══ DATASET EXCERPTS ══

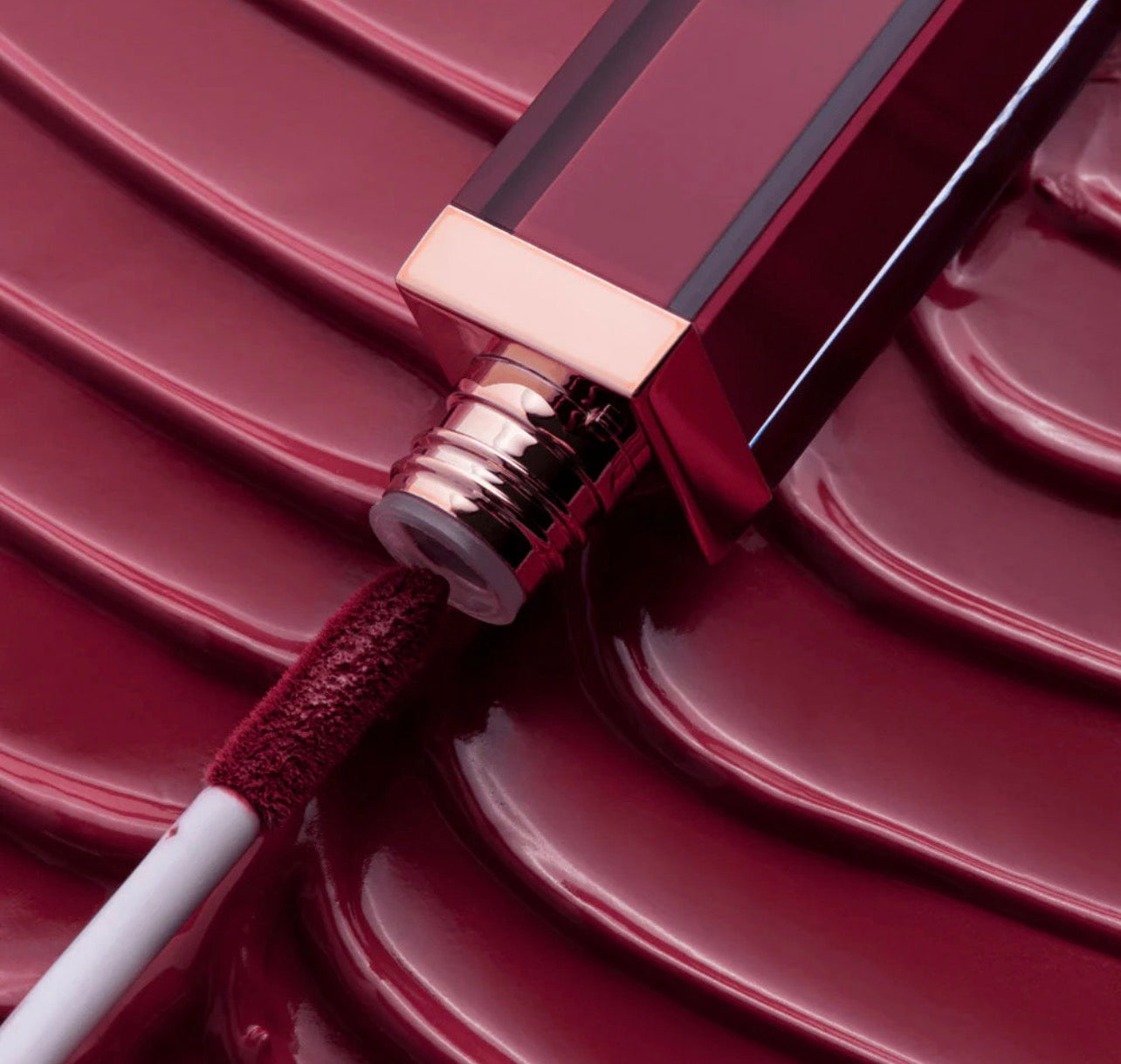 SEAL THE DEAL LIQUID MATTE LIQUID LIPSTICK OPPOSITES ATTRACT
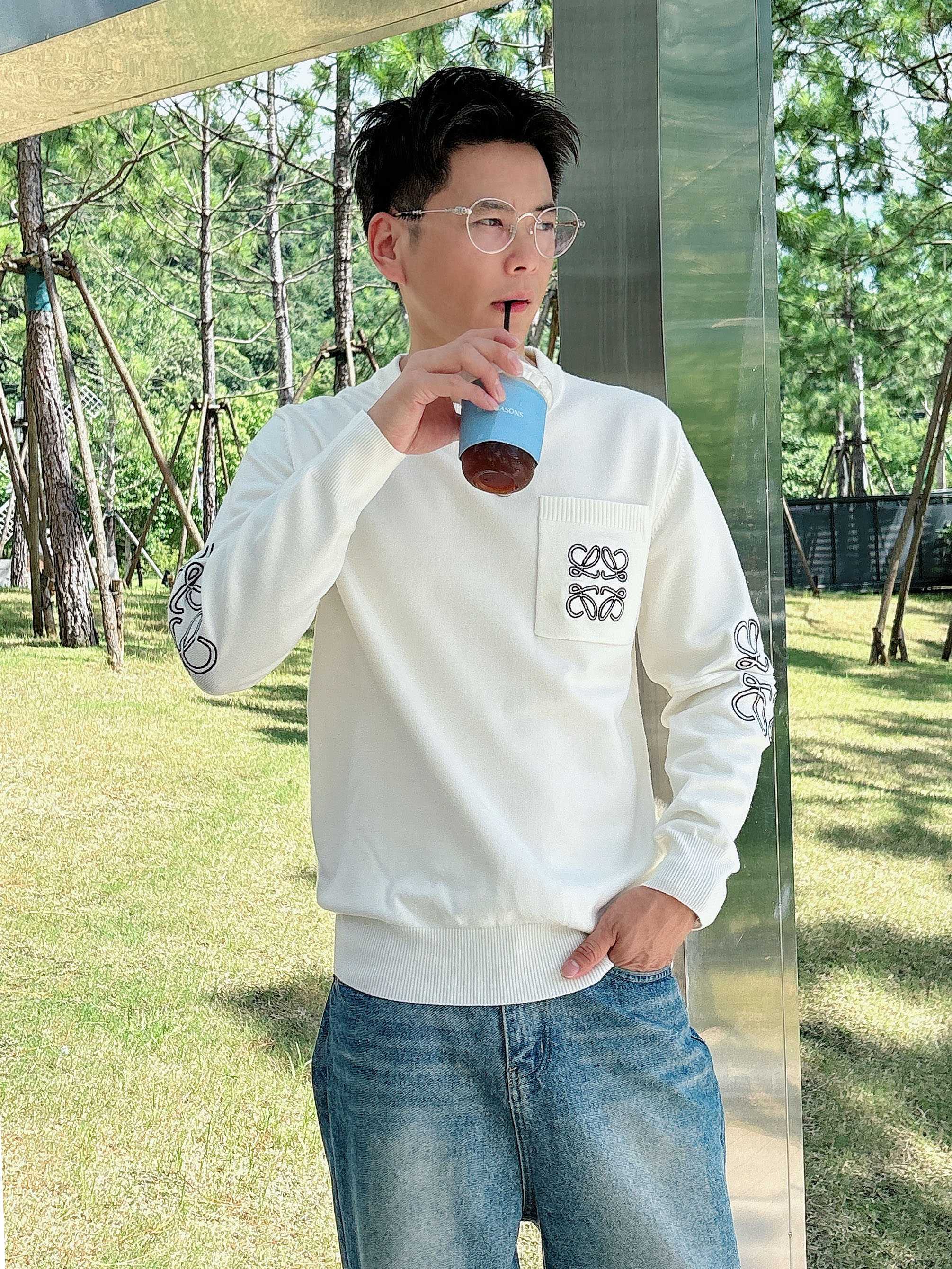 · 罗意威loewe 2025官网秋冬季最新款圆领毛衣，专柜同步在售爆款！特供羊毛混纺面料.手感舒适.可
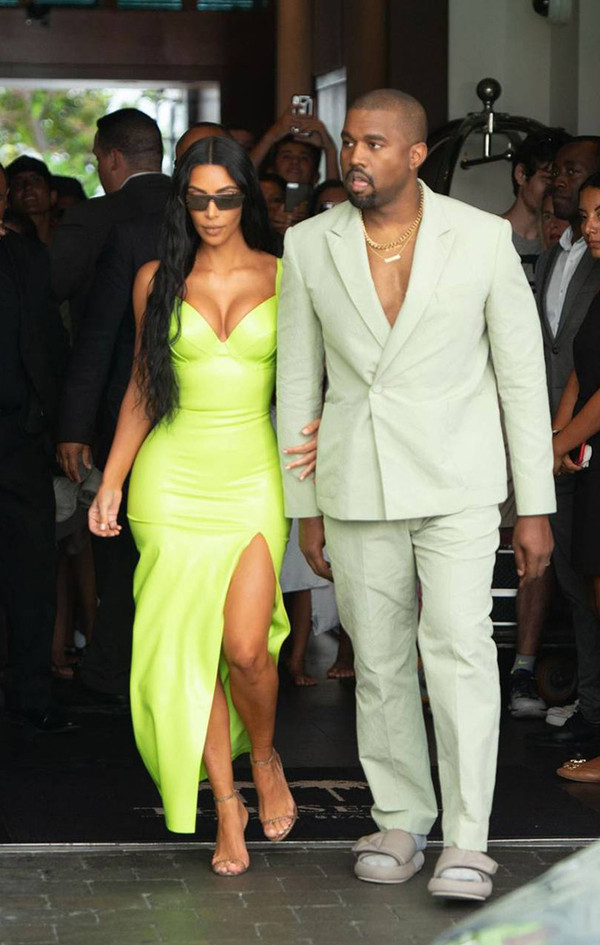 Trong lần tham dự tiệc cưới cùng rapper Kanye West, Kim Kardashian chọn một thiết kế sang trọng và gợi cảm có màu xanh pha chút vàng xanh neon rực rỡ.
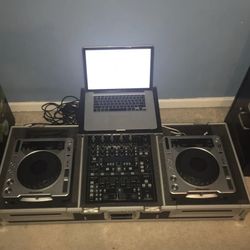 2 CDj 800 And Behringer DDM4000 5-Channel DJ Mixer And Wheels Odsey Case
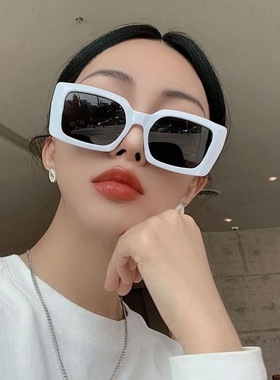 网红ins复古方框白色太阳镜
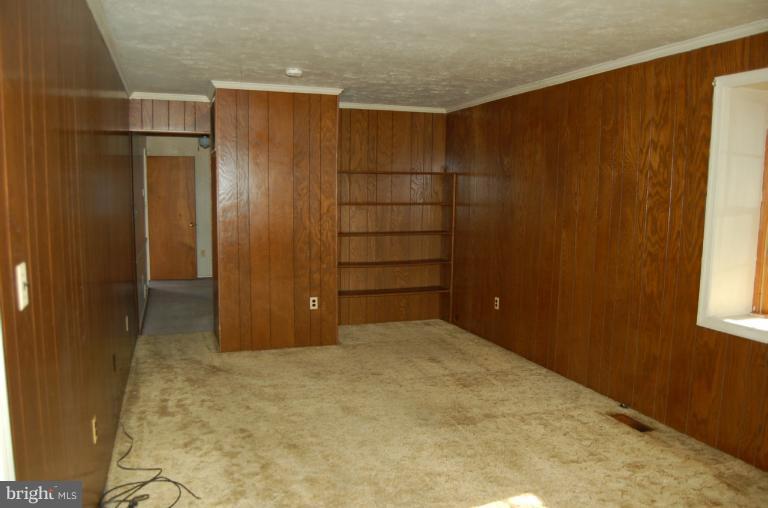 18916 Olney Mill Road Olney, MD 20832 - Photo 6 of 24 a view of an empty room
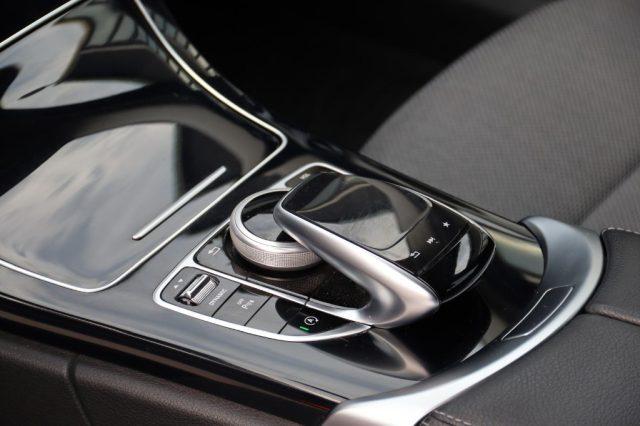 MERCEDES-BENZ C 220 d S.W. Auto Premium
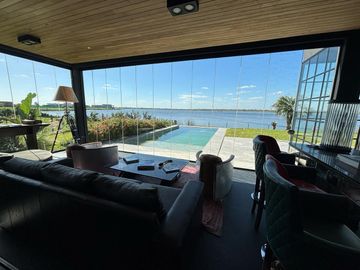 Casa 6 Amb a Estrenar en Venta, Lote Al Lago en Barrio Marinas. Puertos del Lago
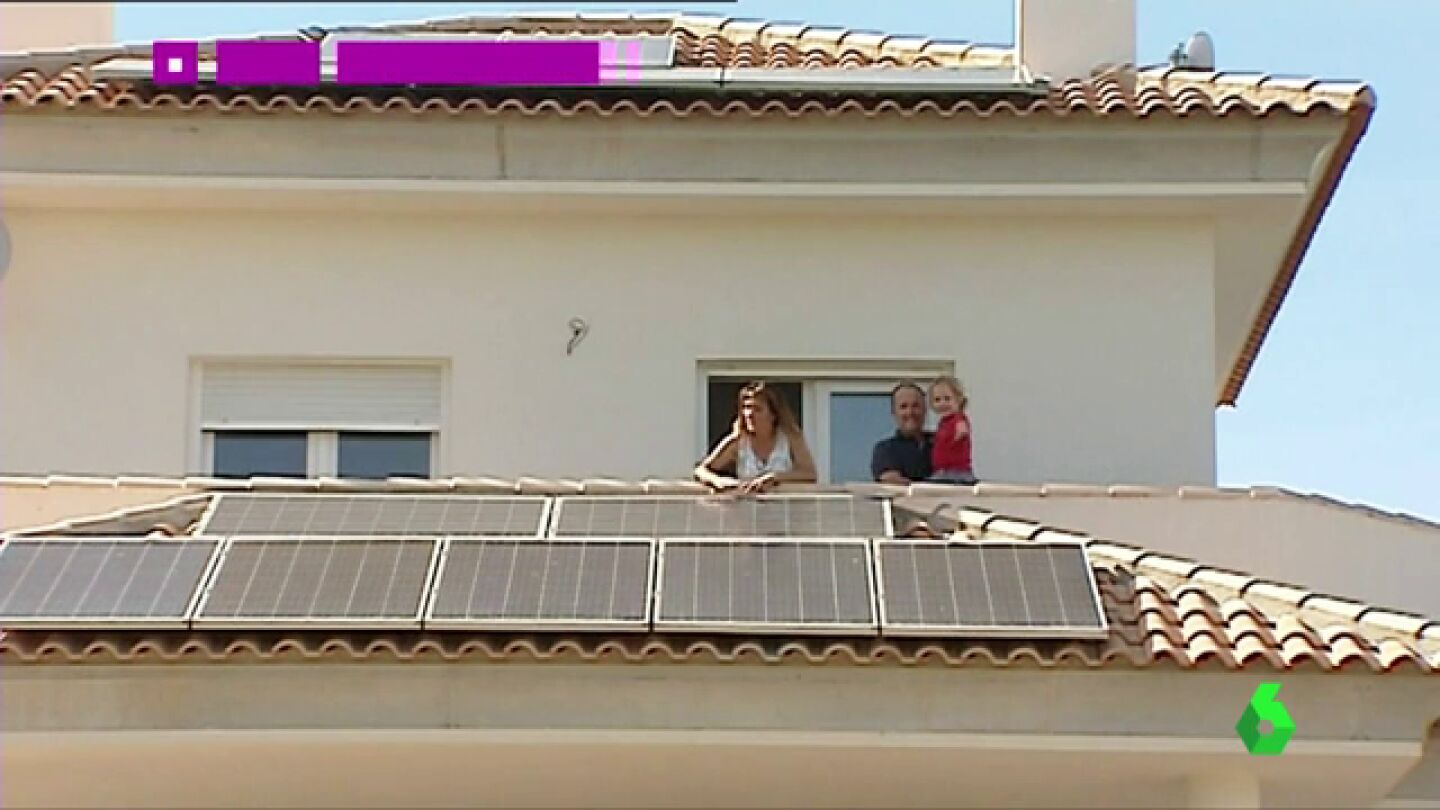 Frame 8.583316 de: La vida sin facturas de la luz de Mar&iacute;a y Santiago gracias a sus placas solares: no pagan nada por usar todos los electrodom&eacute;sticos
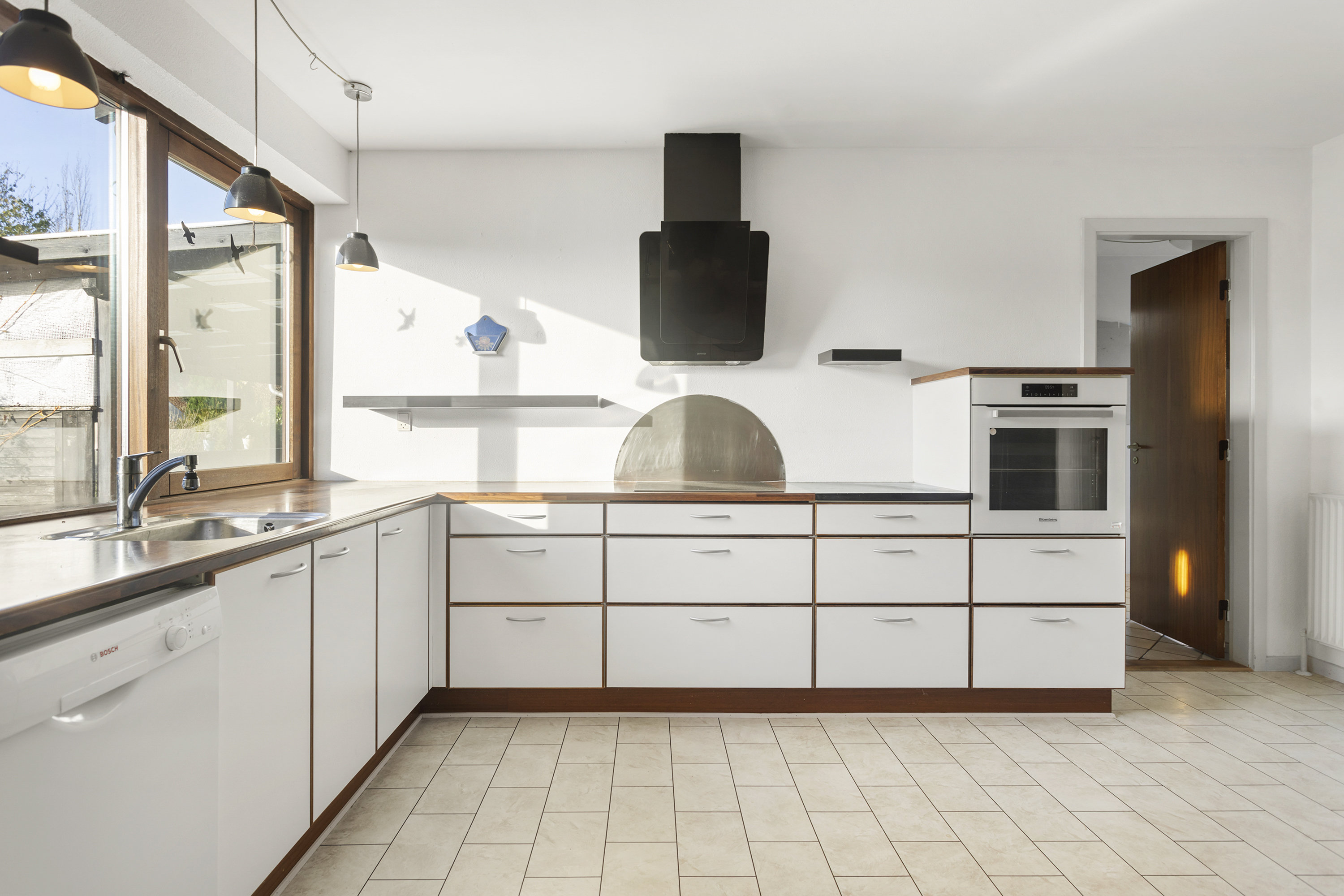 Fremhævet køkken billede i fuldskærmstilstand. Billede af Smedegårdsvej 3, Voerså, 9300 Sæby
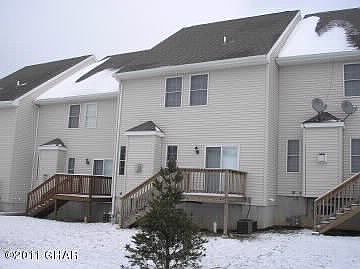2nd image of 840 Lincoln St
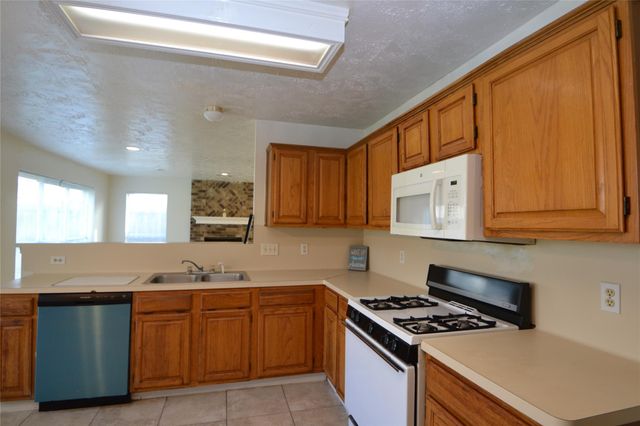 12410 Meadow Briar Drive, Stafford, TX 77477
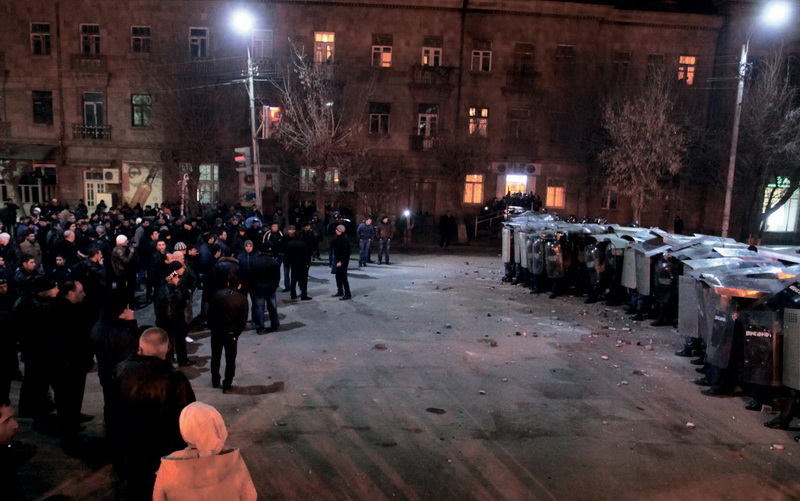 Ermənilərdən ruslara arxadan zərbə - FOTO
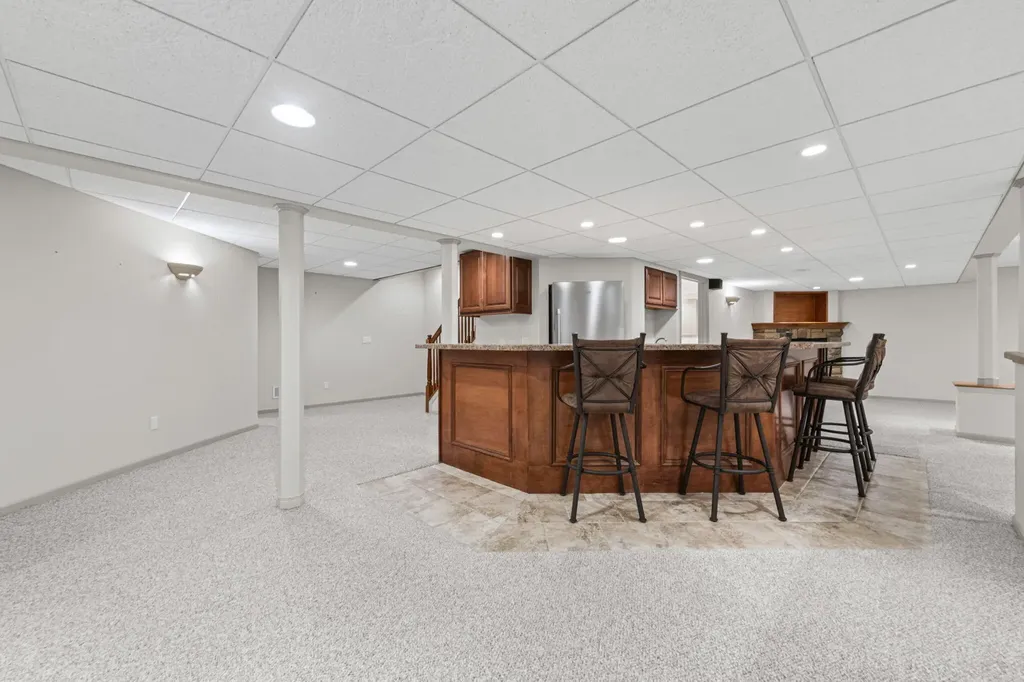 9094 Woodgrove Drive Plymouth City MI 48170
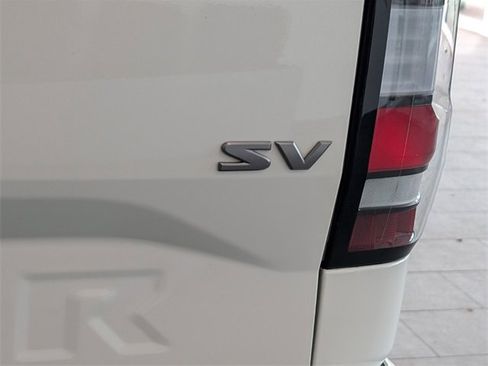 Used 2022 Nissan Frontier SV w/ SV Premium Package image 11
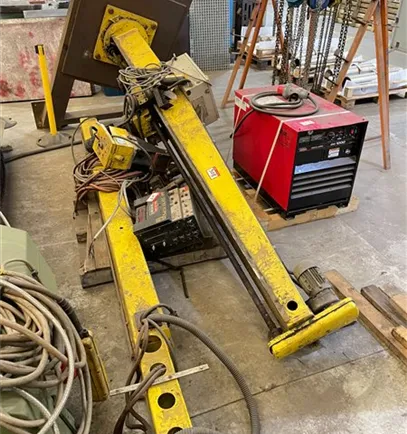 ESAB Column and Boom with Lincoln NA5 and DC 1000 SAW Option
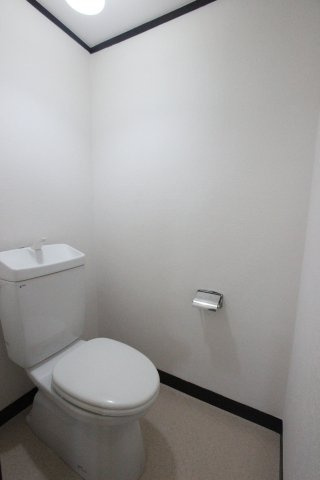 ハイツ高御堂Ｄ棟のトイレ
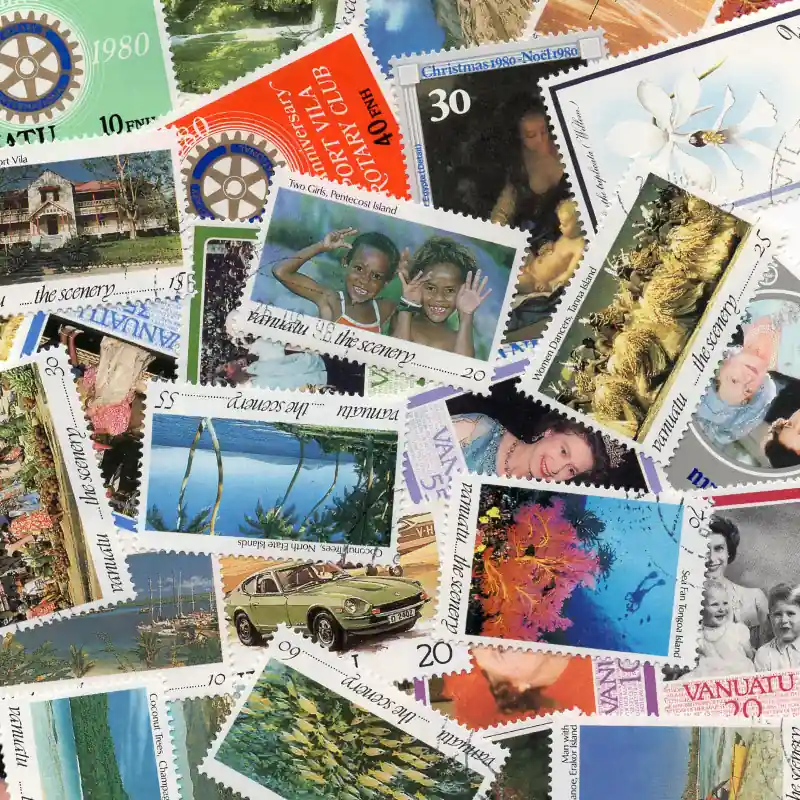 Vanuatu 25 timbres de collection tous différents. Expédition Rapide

═══

▸ **THE TASK**: Look above for the line with "Trong lần tham" and the line with "MERCEDES-BENZ C 220 d S.W. Auto Premium". Copy them and every line between, exactly, but no pictures.

▸ **SOLUTION**:
 Trong lần tham dự tiệc cưới cùng rapper Kanye West, Kim Kardashian chọn một thiết kế sang trọng và gợi cảm có màu xanh pha chút vàng xanh neon rực rỡ.
 2 CDj 800 And Behringer DDM4000 5-Channel DJ Mixer And Wheels Odsey Case
 网红ins复古方框白色太阳镜
 18916 Olney Mill Road Olney, MD 20832 - Photo 6 of 24 a view of an empty room
 MERCEDES-BENZ C 220 d S.W. Auto Premium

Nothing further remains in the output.